On June 1, 1978, Tennessee Guaranty was authorized to insure Missouri credit unions, as evidenced by an agreement among the State Credit Union Share Insurance Corporation,1 the Commissioner of the Department of Banking of the State of Tennessee, the Director of the Division of Insurance of the State of Missouri, and the Director of the Division of Credit Unions of the State of Missouri. The 1978 Agreement recognizes that, for a temporary period of time, Tennessee Guaranty would be considered as conducting the business of insurance in Missouri and that it would be subject to the provisions of Missouri’s insurance laws. Tennessee Guaranty, however, would become subject to the exclusive jurisdiction, supervision, regulation, and examination of the Director of the Division of Credit Unions for the State of Missouri upon the effective date of the enactment of an amended Mo.Rev.Stat. § 370.375. In 1982, Missouri enacted § 370.375, providing that corporations, such as Tennessee Guaranty, would in fact be subject to the exclusive jurisdiction, supervision, regulation, and examination of the Director of the Divi*1435sion of Credit Unions for the State of Missouri.

In October 1984, Missouri Credit Union entered into an insurance contract with Tennessee Guaranty, which contained a “choice-of-law” provision stipulating that the contract would be subject to Tennessee law. Missouri Credit Union agreed to:

comply with the bylaws of the Corporation [Tennessee Guaranty], as from time to time amended. The Credit Union [Missouri Credit Union] further agree[d] that this contract may be amended by an amendment to the bylaws of the Corporation, provided the Corporation shall mail written notice of such amendment to the Credit Union at least ten (10) days prior to the effective date of such amendment.

As a credit union member, Missouri Credit Union was required to make and maintain during its membership period a capital contribution equal to 1% of the shares of its account holders. Missouri Credit Union was also subject to the payment of any special assessment. During the relevant time period, the by-laws in effect provided that the aggregate of the capital contributions and any special assessment paid by a member credit union constitute the equity interest of the member in Tennessee Guaranty and shall be considered as a part of the assets of the member. Upon joining Tennessee Guaranty, Missouri Credit Union deposited with Tennessee Guaranty $1,486,558.17 as its capital contribution.

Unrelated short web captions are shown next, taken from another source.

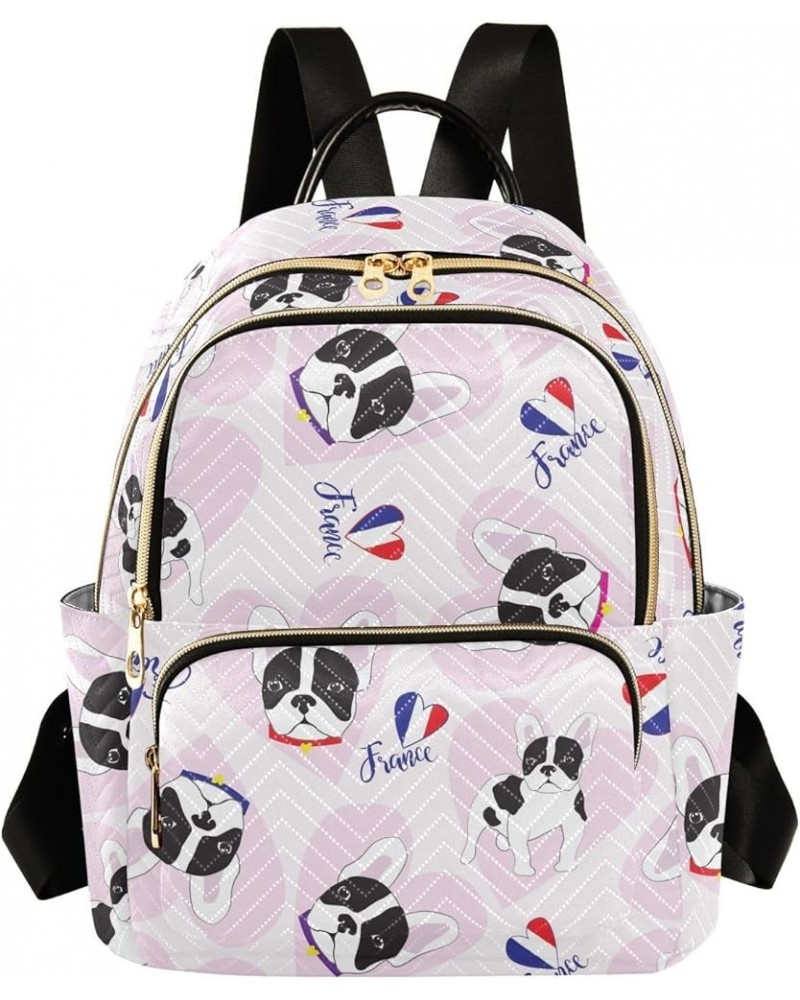 Mini Backpack for Women, Cute Frenchie Dog Travel Backpack Purse for Ladies, Small Bookbag Daypack Shoulder Bag M Multi595 Sm...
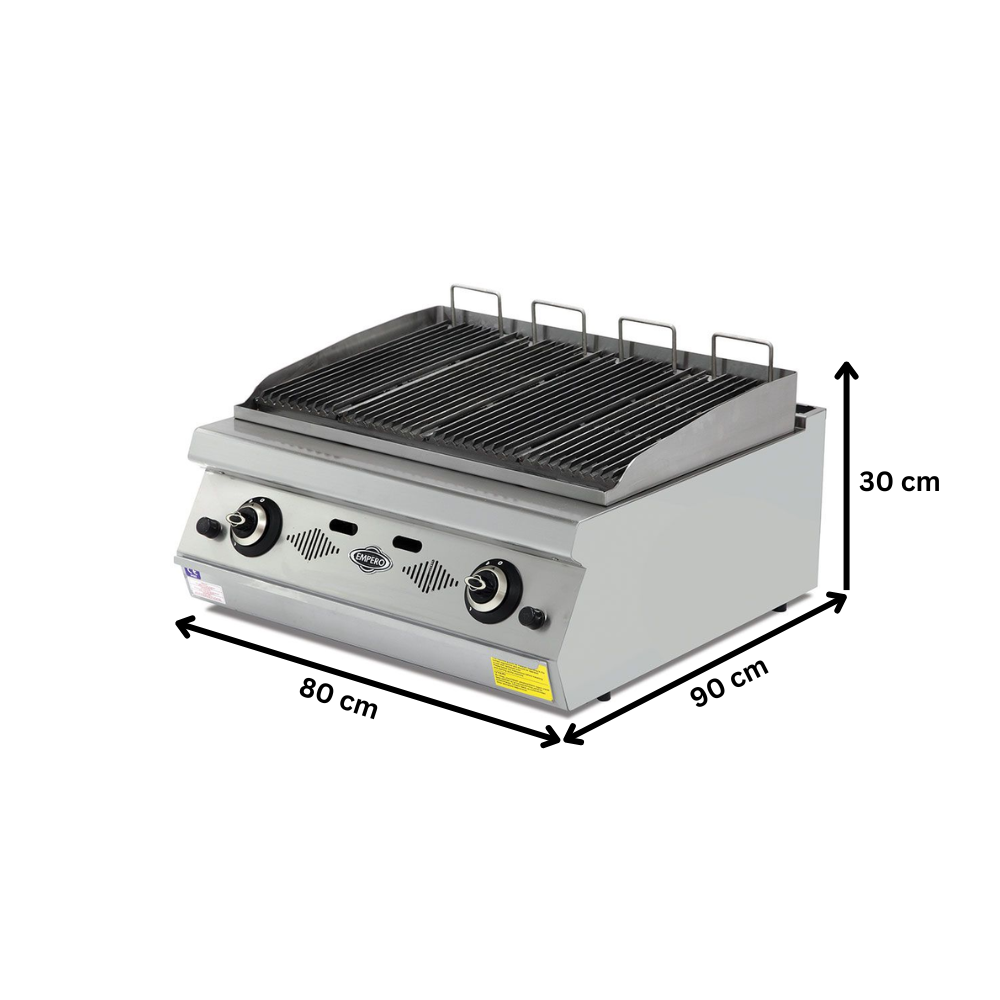 Grill pe gaz profesional, inox, cu steamer PLUS, 80*90*30 cm - 1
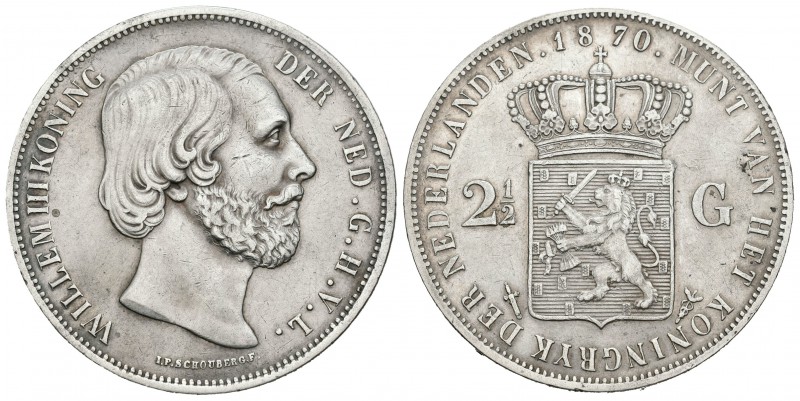 Holanda. Wilhelm III. 2 1/2 gulden. 1870. (Km-82). Ag. 24,87 g. MBC+. Est...50,0...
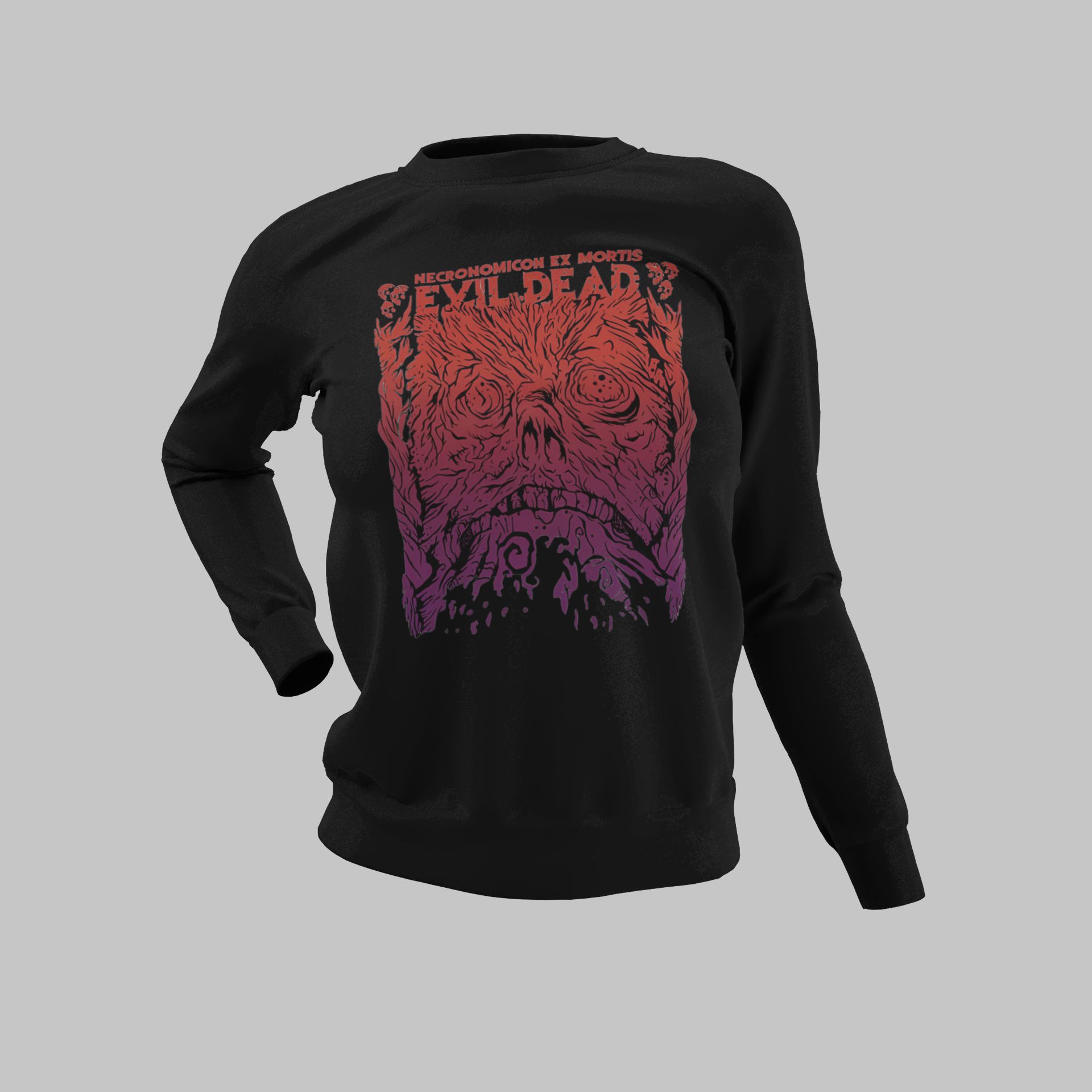 Evil Dead Necronomicon Ex-Mortis Graphic Apparel - Sweatshirt Hoodie & T-Shirt Options - Unisex Black — back view thumbnail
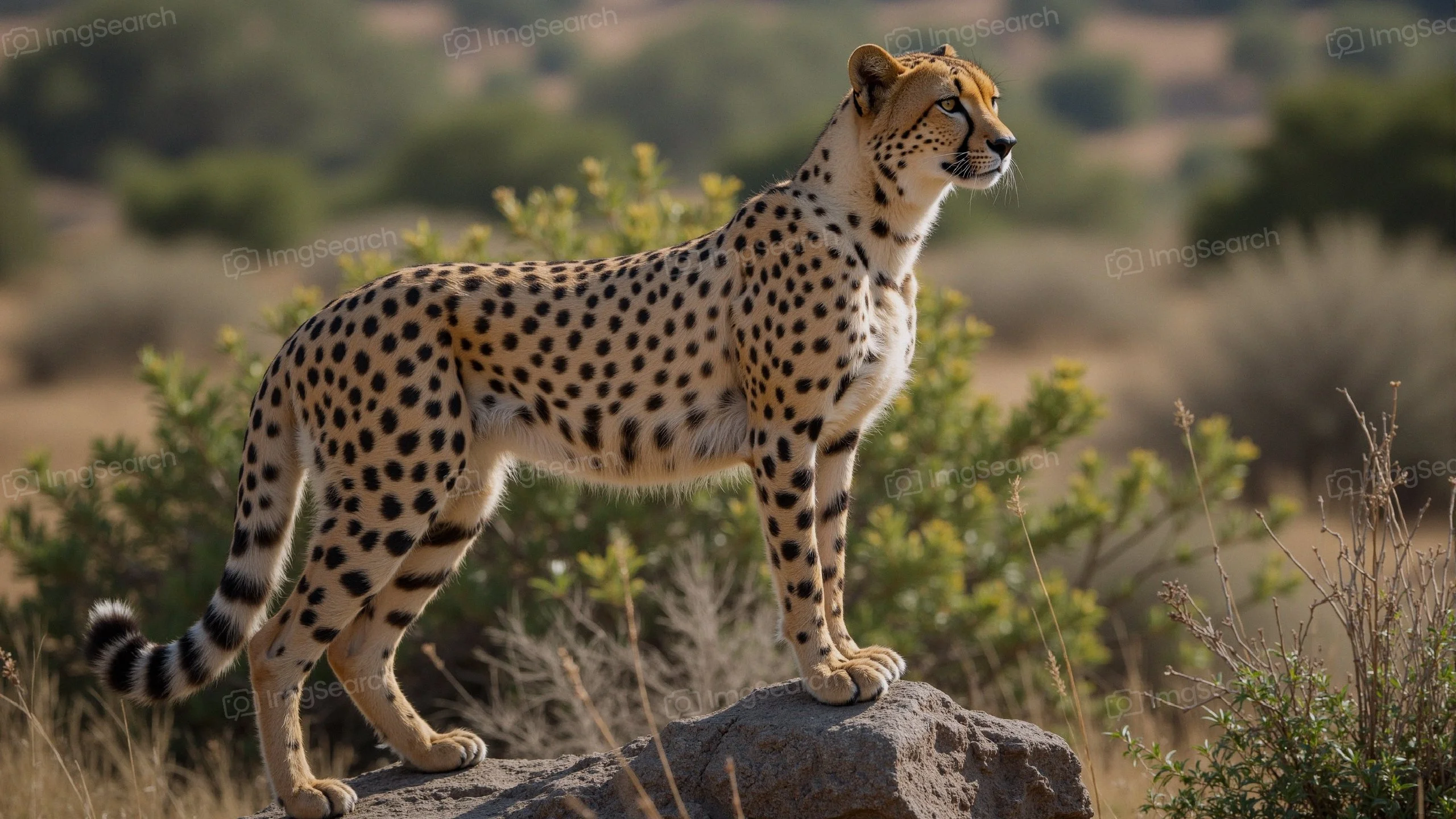 A cheetah standing on a rock in a natural landscape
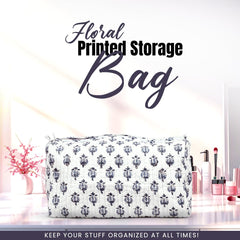 BLOCK N STYLE toiletry bag in white, main compartment open for easy organization.
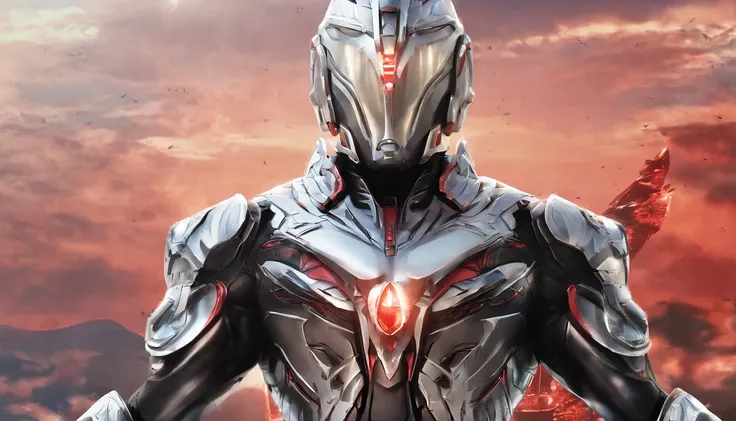 [ Amazing | astounding | delicated ] [Visually inspect the audience]Ultraman&#39;s character statue ， （Best quality， tmasterpiece）， 1人， looking at viewert， face guard ， City smoke background， upper part of body， Contemporary，Ultraman Tiga clothing。[dot pap...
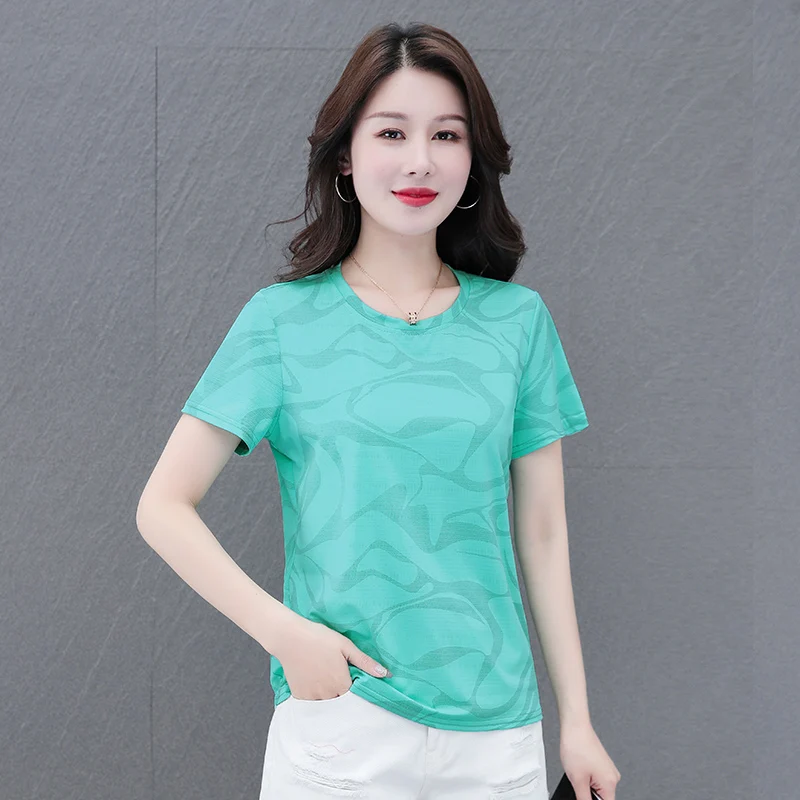New Women'S Summer Round Neck Quick Drying Ice Silk T-Shirt With Fashionable Printing And Versatile Loose Casual Short Top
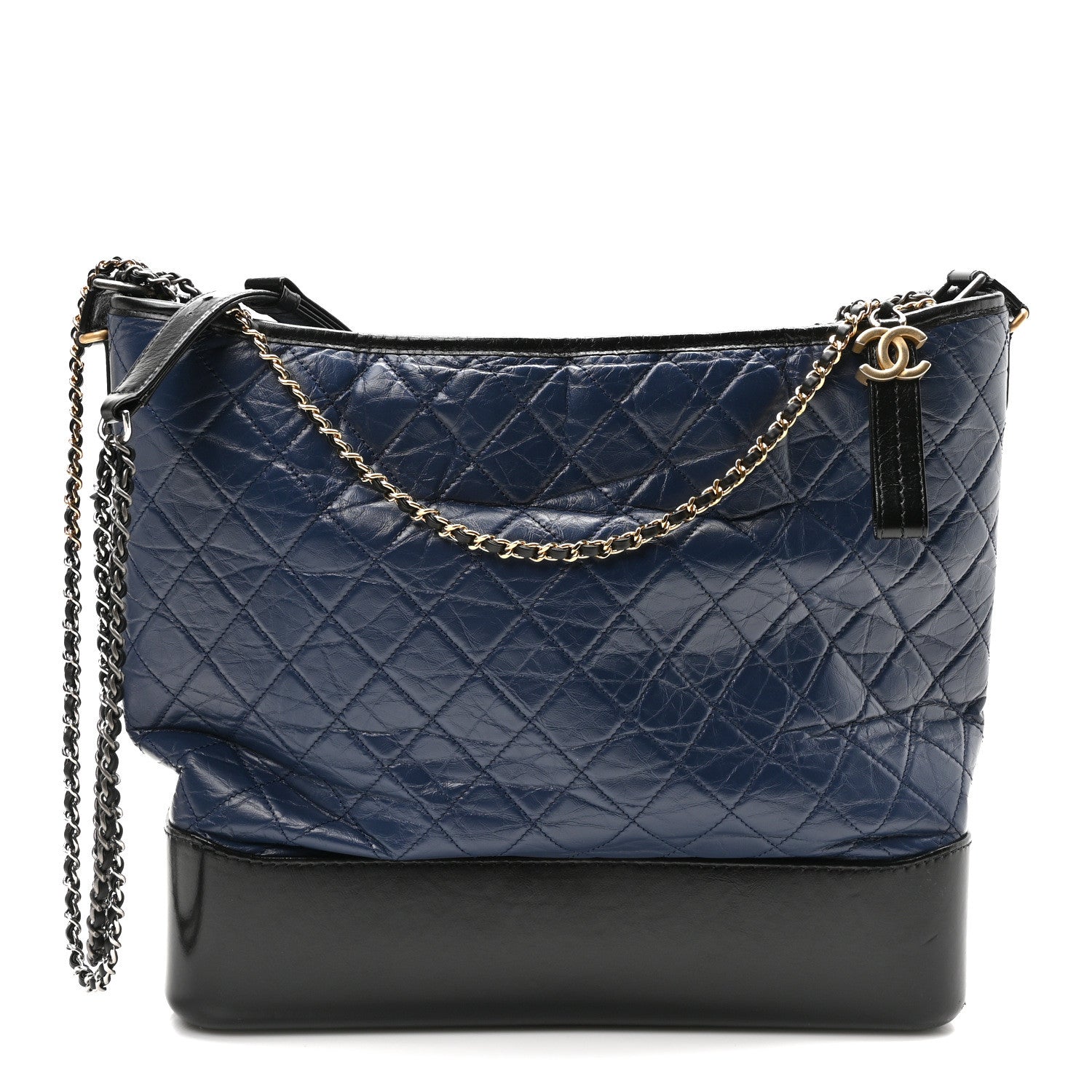 Chanel Aged Calfskin Quilted Maxi Gabrielle Hobo Navy Black 1 of 10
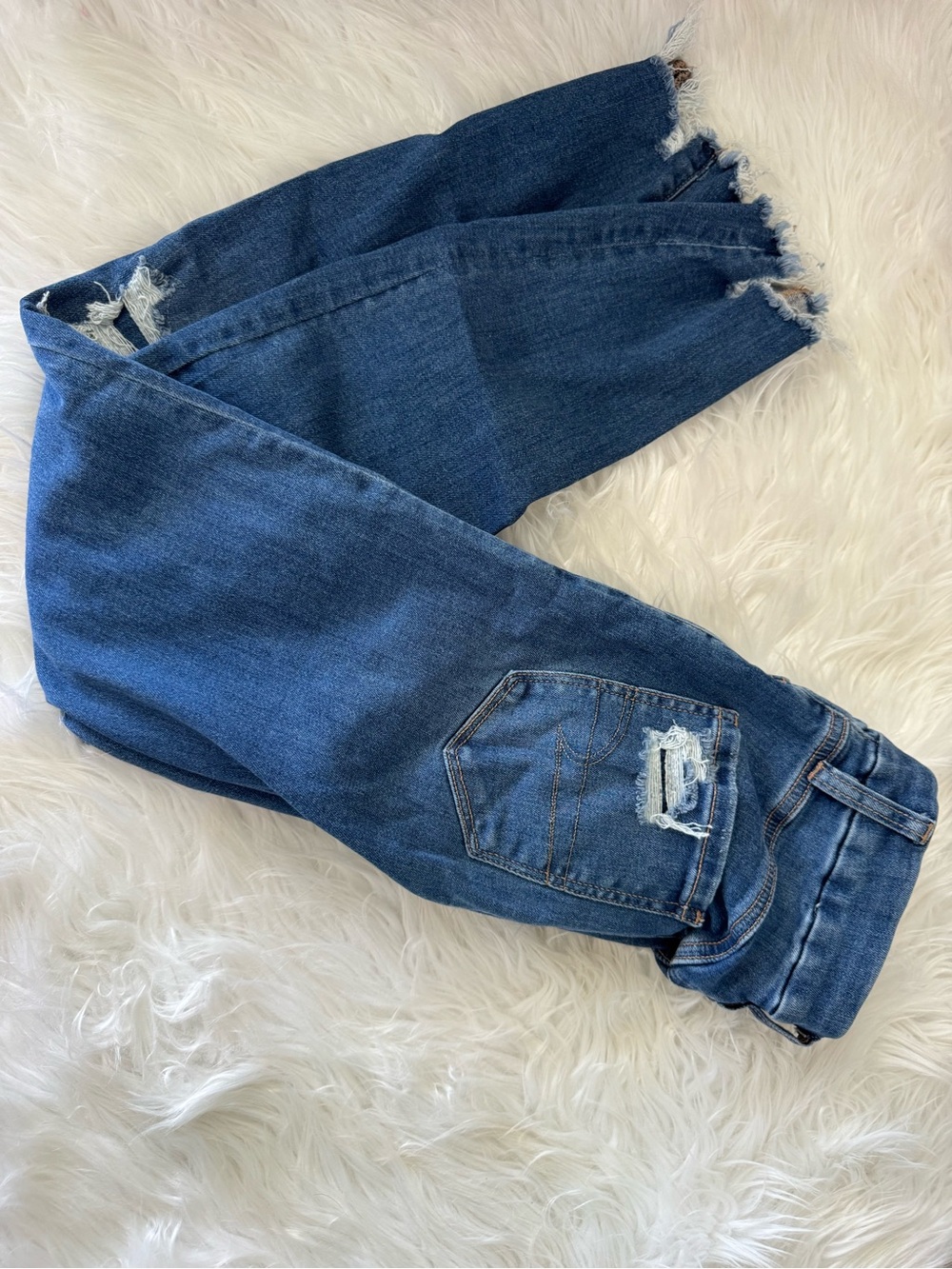 American Eagle Outfitters Dark Blue Distressed Boyfriend Jeans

At the time that Missouri Credit Union became a member of Tennessee Guaranty, Tennessee Guaranty’s by-laws provided that upon withdrawal of a member credit union:

[t]he member credit union shall be entitled to a return of paid-in capital contributions. Provided, however, the Board of Directors of the Corporation, in the exercise of its sole discretion, may assess a penalty (“withdrawal penalty”) against the withdrawing member credit union in an amount not to exceed thirty (30%) percent of the withdrawing member credit union’s paid-in and due capital contributions and special assessments.

By-Laws, Article IV, § 6(g)(2)(aa).

On October 1, 1986, Tennessee Guaranty’s Board of Directors voted unanimously to amend the by-laws by materially changing the withdrawal provision. Instead of allowing any return of capital and special assessment funds to a withdrawing credit union member, the amended by-laws now provided that Tennessee Guaranty would retain the funds in total. In addition, the Board of Directors unanimously adopted a resolution which levied a special assessment to its capital fund in the amount of one-half of one percent of the shares, accounts, and certificates of its member credit unions. On October 2, 1987, Tennessee Guaranty mailed notice of the amendment to all credit union members. On December 1, 1987, after the effective date of the by-law amendment, Missouri Credit Union paid Tennessee Guaranty an additional $559,159.81 as a special assessment, bringing the total amount of money deposited by Missouri Credit Union with Tennessee Guaranty to $2,045,717.98.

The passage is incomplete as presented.